**WHAT IS NEEDED:**
Please retype the data below line for line and leave out every picture.

**DATA SECTION:**

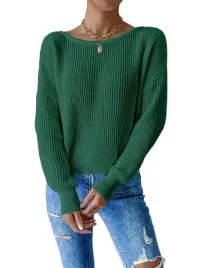 shein-zielony-dzianinowy-sweter-z-dekoltem-v-na-plecach-40-42-1la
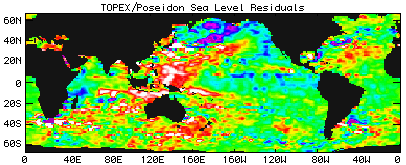Global Sea Surface Height Data - 01/2001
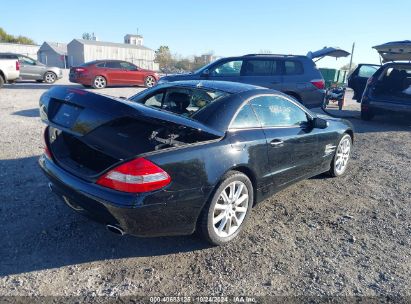 Lot #3042570964 2008 MERCEDES-BENZ SL 550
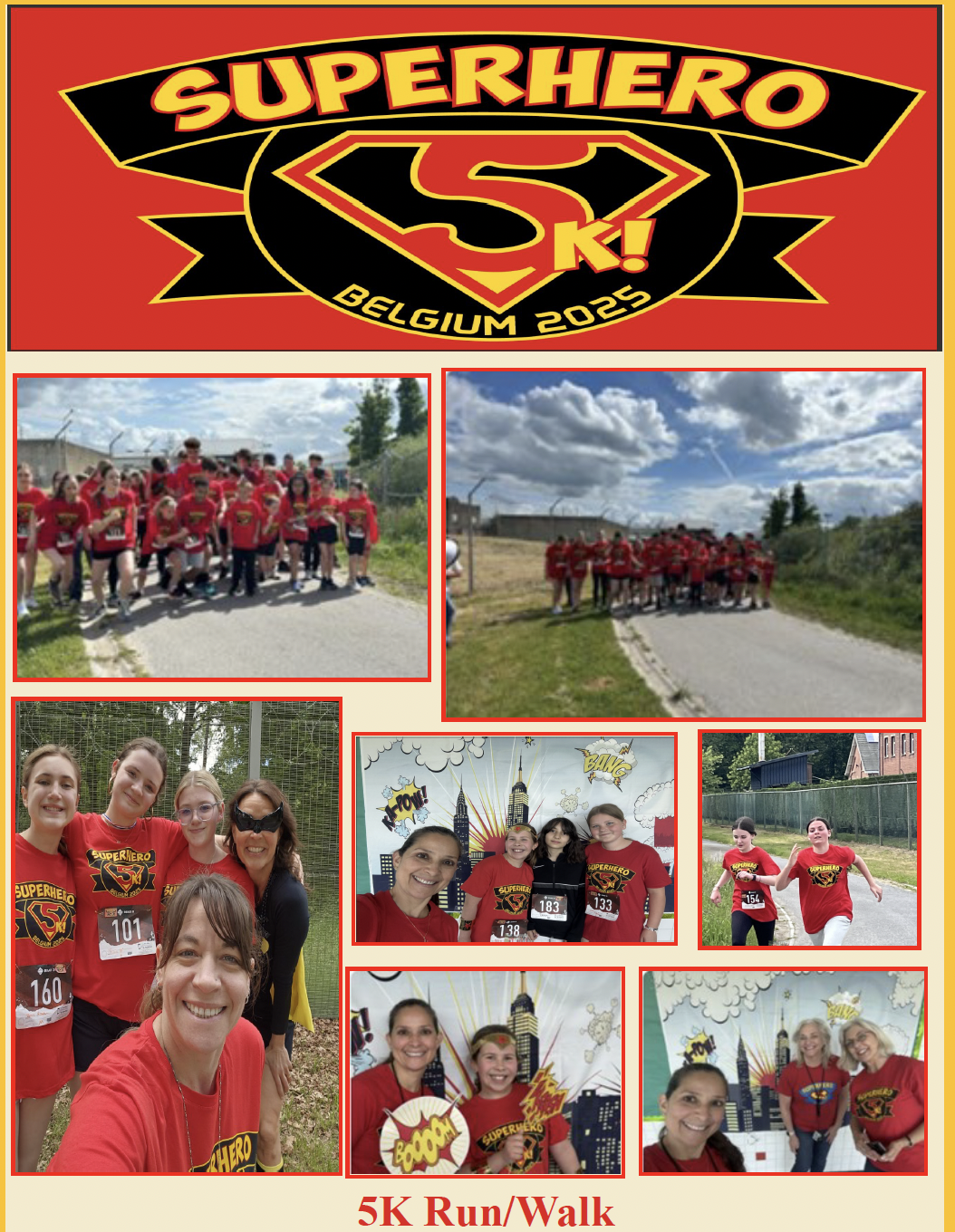 5K Run pictures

**TASK OUTPUT:**
 shein-zielony-dzianinowy-sweter-z-dekoltem-v-na-plecach-40-42-1la
Global Sea Surface Height Data - 01/2001
 Lot #3042570964 2008 MERCEDES-BENZ SL 550
 5K Run pictures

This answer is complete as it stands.